Our Lord, knowing that the woman of Samaria was bringing the whole town out to Him, tells His disciples, I have food to eat that you do not know i. e. do you not know that I call the salvation of men food; or that the Samaritans are about to believe and be saved.
St John CHRYSOSTOM. The salvation of men He calls His food, showing His great desire that we should be saved. As food is an object of desire to us, so was the salvation of men to Him.
St THEOPHYLACT. From the question of the disciples, Has any man brought Him ought to eat, we may infer that our Lord was accustomed to receive food from others, when it was offered Him: not that He who gives food to all flesh, (Ps. 146.) needed any assistance; but He received it, that they who gave it might obtain their reward. It is proper and necessary that teachers should depend on others to provide them with food, in order that, being free from all other cares, they may attend the more to the ministry of the word.
He finished the work of God, i. e. man, He, the Son of God, finished it by exhibiting our nature in Himself without sin, perfect and uncorrupt. He finished also the work of God, i. e. the Law, (Rom. 10:4) (for Christ is the end of the Law,) by abolishing it, when every thing in it had been fulfilled, and changing a carnal into a spiritual worship.

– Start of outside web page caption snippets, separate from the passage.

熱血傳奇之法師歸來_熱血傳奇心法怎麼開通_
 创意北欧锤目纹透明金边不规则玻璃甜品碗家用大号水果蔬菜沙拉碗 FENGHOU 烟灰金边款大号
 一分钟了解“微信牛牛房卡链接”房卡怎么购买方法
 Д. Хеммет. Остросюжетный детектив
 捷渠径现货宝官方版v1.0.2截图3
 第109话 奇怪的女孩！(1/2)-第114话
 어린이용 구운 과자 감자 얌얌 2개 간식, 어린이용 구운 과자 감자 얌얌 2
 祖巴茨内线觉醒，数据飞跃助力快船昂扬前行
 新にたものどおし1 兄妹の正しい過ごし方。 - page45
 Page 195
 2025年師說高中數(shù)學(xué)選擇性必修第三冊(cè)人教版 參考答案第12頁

St John CHRYSOSTOM. I sent you to reap that whereon you had bestowed no labour, i. e. I have reserved you for a favourable time, in which the labour is less, the enjoyment greater. The more laborious part of the work was laid on the Prophets, viz. the sowing of the seed: Other men laboured, and ye are entered into their labours. Christ here throws light on the meaning of the old prophecies. He shows that both the Law and the Prophets, if rightly interpreted, led men to Him; and that the Prophets were sent in fact by Himself. Thus the intimate connexion is established between the Old Testament and the New.